Anyway, enough of that. On with the apologies. A week or two I expressed my frustration that certain very senior and entirely imaginary colleagues had wreaked havoc, behaved unethically, and failed upwards to other institutions under cover of NDAs, pay-offs and good references. I am assured by one who certainly knows that this is not the case - a relief, and evidence that perhaps I am sometimes too cynical. There's still the issue of what happened to effective oversight and accounting, but I'm happy to correct the record. And to my readers in the posh seats: just rattle your jewellery. (And while you're here, ask yourselves this: despite posters all over the place referring to the 'digital campus', why can't a course leader contact every student on a course, or in a particular year on a course, in one go?). 

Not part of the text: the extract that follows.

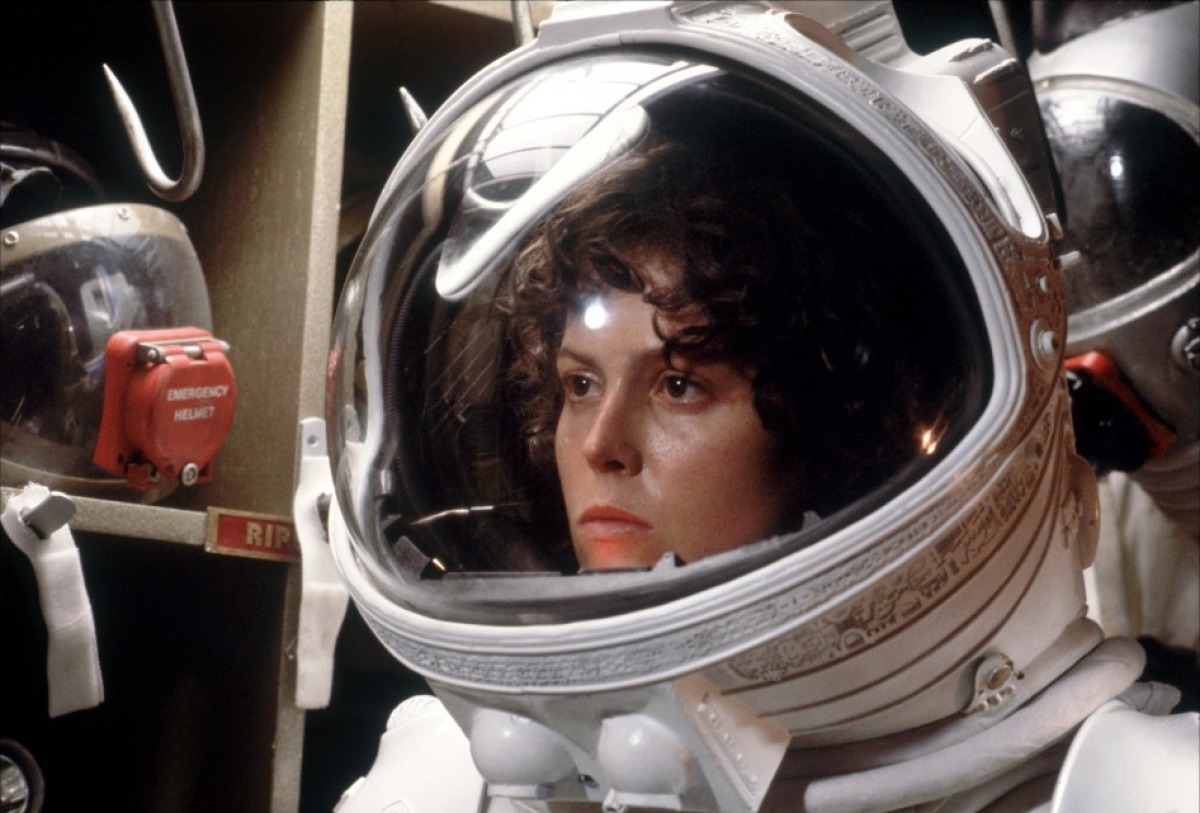 still from alien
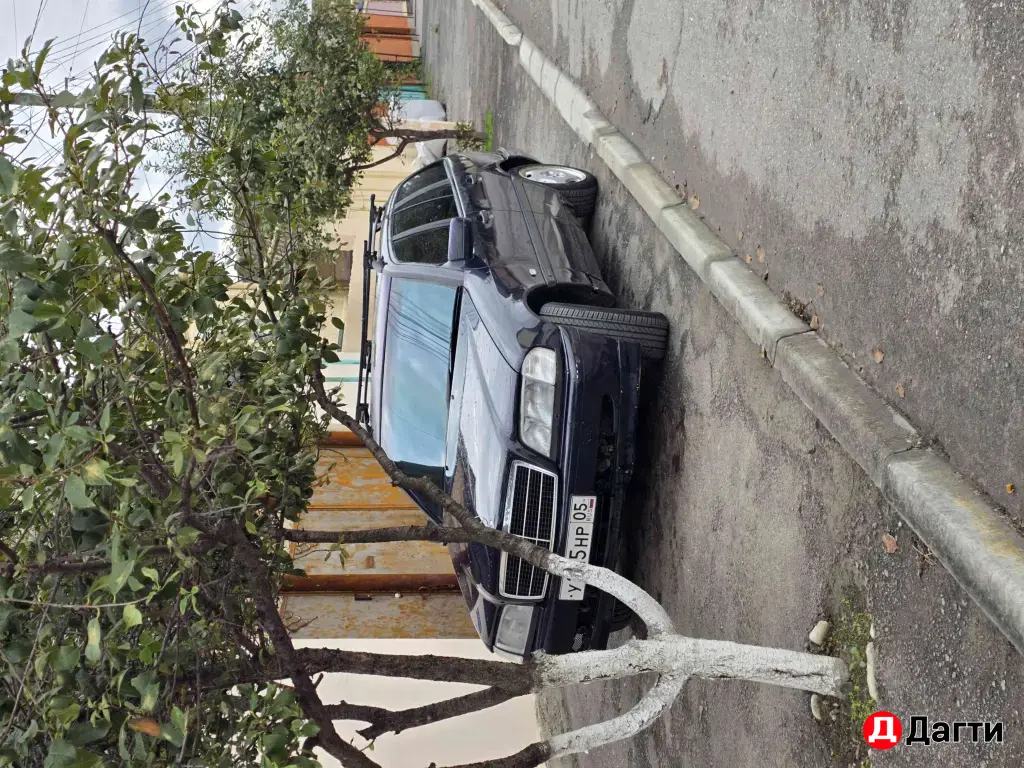 Mercedes-Benz C-Класс, 1997 года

I've found a bit of time for other things. Sunday saw me doing refreshing my welfare officer and child protection qualifications for fencing - mostly quite repetitive, but there's a new emphasis – or panic around – social media. Perhaps understandably, governing bodies, like the law, struggle to keep up with the scary new possibilities raised by the plethora of platforms especially in the hands of the young and enthusiastic, and those with sinister intent. Thankfully the current training doesn't try to be exhaustive: keeping it simple and thinking ethically are the key aspects. 

Books: only a couple this week. Stephen Baxter's H-Bomb Girl was entertaining, witty and convincingly situation in early-60s Liverpool, and well worth the 99p I paid for it in The Works. The new Kevin Barry novel Night Boat to Tangier is great - a very consciously Beckettian piece about two witty, charming, dapper, washed-up Irish psychopaths. Full-on Corkonian Hiberno-English dialogue, absolutely minimal narration, struggles to generate female characters with the same rich interiority – the women are wives, mothers, daughters, copers and escapees, but lack agency (though as the Beckett influence is strong, almost nobody has much agency). I'm currently most of the way through Peter Ackroyd's The Death of King Arthur. It's a long time since I read Malory, but I think he's managed to reproduce the structural jumpiness, Arthur's savagery (his Herod-style massacre of the infants, for instance) and the uninterest in character development rather well, despite – or perhaps because – cutting two-thirds of the story out. I'd forgotten too how close to the surface the Celtic-style ritualism is in Malory's very Anglo-Norman text.